Problem is, I don't really have the money to do it well & it would
be no fun to do it poorly. I could have it online, but then it's just
giving up work to the whims of copy-n-paste from around the world. I could
do it in e-mail, but that just doesn't look cool. I still think there's
a good plan under there somewhere though.
20 November 2002
-Ah, the laws of
Berkeley. The rights we may have may be amazing. More to follow, methinks.
-Lots
of pages I read these days make me wonder how anyone ever thought I was that cryptic.
Veritable hieroglyphs on some of these byte-based wonders.
-2.5k bagged tonight for just shy of 8k total on
ADO. Yes, I'm still under 10% of LB & it's been slow, but over half of what I've got so far has been
written this week. Somebody say auspicious.
19 November 2002
-Getting the ol' bank
statement is not good for collective confidence about making it financially. No panic
buttons yet, but it's amazing how easy it is to spend money without even trying. Even when
trying specifically TO NOT spend money. Guess it's back to a lockdown on outside activities
for a small bit. At least until Marin wants to start giving me more than 3 hours a week of
their estimated 200 hours over 3 months.
-Need to revamp the Exports page soon, including
taking out Bragin, Sep, & (I guess) Pat. I'd imagine a senior year at MIT takes more
energy than one has spare for maintaining a webpage.

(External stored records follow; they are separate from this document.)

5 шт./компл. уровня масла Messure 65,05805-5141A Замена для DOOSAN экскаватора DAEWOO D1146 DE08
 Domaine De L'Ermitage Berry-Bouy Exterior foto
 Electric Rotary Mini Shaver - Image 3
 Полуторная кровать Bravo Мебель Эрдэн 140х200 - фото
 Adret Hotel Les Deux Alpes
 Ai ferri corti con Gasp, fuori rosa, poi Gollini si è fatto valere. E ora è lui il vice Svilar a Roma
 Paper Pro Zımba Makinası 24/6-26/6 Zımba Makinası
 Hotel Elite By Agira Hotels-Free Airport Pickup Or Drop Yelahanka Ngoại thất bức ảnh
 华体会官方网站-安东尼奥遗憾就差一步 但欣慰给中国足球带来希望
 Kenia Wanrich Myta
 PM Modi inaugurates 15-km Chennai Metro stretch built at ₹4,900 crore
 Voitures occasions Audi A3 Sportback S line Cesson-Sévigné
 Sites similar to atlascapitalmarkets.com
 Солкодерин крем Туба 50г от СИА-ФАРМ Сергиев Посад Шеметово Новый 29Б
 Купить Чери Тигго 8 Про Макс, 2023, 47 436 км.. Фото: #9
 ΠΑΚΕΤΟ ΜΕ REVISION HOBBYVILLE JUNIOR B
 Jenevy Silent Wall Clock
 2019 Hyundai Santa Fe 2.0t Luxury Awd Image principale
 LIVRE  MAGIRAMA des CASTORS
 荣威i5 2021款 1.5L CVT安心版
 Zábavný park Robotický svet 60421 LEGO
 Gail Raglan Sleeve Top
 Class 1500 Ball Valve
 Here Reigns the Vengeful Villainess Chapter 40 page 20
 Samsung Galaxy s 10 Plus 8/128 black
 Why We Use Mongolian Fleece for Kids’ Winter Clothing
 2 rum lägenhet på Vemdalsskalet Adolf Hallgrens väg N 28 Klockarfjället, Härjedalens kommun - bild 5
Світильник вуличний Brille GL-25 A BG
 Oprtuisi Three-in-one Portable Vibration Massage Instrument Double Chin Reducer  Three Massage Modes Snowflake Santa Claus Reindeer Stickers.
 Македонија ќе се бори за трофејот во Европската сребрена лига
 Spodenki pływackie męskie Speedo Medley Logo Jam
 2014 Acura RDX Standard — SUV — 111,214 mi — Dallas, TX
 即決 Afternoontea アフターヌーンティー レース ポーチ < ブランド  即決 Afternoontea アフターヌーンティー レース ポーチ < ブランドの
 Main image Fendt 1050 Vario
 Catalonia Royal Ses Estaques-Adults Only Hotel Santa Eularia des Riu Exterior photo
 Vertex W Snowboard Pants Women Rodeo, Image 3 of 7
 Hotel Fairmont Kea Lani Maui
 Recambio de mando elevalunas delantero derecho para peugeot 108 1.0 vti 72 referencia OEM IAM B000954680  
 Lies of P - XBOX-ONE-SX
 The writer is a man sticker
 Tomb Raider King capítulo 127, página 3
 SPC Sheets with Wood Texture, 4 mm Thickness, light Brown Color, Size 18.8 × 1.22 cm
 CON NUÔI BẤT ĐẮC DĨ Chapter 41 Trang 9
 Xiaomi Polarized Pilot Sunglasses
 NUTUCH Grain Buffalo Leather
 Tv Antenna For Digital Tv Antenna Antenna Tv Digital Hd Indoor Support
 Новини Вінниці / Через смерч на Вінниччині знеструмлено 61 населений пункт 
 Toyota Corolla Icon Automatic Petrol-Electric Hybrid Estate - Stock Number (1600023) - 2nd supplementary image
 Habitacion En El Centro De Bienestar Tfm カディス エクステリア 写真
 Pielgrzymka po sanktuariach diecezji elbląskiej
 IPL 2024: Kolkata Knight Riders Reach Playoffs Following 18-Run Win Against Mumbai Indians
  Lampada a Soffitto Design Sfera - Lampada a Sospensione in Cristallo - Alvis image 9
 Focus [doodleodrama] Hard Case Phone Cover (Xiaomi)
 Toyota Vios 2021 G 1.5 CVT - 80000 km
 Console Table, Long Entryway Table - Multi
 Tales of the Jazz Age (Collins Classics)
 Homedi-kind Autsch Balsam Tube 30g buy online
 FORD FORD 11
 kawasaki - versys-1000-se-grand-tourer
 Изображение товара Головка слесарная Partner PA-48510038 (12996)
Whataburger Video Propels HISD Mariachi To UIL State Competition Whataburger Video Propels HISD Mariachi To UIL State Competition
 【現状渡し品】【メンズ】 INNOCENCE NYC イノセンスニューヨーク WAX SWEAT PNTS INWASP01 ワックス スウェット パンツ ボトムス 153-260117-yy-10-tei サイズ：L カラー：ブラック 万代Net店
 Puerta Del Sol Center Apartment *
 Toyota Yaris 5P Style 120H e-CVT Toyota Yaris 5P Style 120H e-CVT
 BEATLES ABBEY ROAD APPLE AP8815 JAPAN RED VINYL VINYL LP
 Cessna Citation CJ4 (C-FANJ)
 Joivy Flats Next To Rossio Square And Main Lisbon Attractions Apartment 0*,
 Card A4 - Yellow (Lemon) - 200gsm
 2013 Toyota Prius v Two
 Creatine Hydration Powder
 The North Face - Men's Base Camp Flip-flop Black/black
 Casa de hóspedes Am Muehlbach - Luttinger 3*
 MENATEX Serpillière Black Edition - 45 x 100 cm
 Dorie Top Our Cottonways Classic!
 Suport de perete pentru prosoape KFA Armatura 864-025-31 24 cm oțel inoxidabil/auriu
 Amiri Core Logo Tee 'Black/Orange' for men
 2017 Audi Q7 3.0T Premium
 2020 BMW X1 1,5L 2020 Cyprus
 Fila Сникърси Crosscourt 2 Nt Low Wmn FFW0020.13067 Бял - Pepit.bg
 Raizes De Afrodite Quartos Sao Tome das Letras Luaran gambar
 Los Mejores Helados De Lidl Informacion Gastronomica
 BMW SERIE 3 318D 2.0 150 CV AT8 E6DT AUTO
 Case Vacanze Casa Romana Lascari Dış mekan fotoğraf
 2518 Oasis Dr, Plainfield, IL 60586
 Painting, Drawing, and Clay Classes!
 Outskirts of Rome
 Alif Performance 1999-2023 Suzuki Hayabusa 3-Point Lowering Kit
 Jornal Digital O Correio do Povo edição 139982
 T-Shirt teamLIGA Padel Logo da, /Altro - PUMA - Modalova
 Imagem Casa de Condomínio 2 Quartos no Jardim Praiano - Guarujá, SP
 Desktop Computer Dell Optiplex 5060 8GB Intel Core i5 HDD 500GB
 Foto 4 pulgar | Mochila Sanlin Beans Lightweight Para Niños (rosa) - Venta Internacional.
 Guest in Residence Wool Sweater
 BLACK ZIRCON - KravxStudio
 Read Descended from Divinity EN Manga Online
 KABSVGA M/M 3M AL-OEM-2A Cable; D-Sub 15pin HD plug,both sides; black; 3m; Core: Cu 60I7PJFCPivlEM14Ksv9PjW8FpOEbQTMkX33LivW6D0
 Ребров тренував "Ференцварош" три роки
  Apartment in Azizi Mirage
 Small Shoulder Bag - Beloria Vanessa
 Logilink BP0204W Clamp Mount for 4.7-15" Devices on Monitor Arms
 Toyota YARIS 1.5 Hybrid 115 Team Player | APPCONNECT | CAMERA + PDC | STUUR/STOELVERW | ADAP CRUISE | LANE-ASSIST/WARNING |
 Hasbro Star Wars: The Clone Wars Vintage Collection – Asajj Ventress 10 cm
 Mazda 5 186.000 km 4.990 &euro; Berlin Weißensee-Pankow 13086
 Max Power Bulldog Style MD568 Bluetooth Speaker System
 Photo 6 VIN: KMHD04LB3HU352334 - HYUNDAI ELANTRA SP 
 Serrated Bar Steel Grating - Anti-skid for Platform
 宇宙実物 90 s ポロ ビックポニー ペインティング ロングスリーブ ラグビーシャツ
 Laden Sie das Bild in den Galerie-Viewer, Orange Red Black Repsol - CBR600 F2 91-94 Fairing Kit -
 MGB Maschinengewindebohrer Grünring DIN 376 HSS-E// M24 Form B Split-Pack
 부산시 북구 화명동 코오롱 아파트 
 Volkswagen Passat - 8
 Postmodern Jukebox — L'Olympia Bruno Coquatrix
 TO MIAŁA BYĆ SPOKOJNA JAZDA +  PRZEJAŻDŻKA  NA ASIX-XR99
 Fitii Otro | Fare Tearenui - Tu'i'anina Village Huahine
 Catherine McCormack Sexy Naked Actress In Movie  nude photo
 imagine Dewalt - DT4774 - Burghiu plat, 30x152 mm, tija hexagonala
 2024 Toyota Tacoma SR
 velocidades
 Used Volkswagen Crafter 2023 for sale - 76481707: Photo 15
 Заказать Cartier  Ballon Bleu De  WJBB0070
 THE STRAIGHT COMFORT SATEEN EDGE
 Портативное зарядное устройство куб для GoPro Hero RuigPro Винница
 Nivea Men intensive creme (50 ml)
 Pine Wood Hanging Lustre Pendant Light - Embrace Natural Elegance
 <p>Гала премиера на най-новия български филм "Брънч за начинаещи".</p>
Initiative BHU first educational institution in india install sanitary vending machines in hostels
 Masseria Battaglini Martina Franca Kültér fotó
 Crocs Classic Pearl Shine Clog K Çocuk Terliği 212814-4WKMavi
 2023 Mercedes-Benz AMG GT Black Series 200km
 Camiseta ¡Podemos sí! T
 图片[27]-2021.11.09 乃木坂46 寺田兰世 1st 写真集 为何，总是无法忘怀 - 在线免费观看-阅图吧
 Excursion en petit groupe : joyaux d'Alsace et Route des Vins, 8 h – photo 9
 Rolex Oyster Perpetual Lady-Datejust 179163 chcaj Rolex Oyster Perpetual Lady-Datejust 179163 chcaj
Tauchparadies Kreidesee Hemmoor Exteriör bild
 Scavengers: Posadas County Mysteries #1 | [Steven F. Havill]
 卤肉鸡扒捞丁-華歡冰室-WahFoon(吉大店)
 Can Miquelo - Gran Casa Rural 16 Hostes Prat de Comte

-Positively unreal is that Thanksgiving
is in 9 days. Certainly no lack of things to be thankful for, but I swear it was Halloween
yesterday. Man alive, etc.
-BASF, a random company that does something (I suppose), who
brought you the phrase "we don't make a lot of the things you use, we make a lot of the
things you use better"... the latest company in my Why-Do-THEY-Advertise? queries.
18 November 2002
-The Masters Myth about
me at work appears to be spreading. Dubious.
-I hear some vaguely good rumors from the
team about Middlebury. A tourney that's always been good to us. My missing of debate
is almost never-ending.
-Life throws people funky situations. Sometimes extremely funky.
I guess the best advice is to get down, get funky.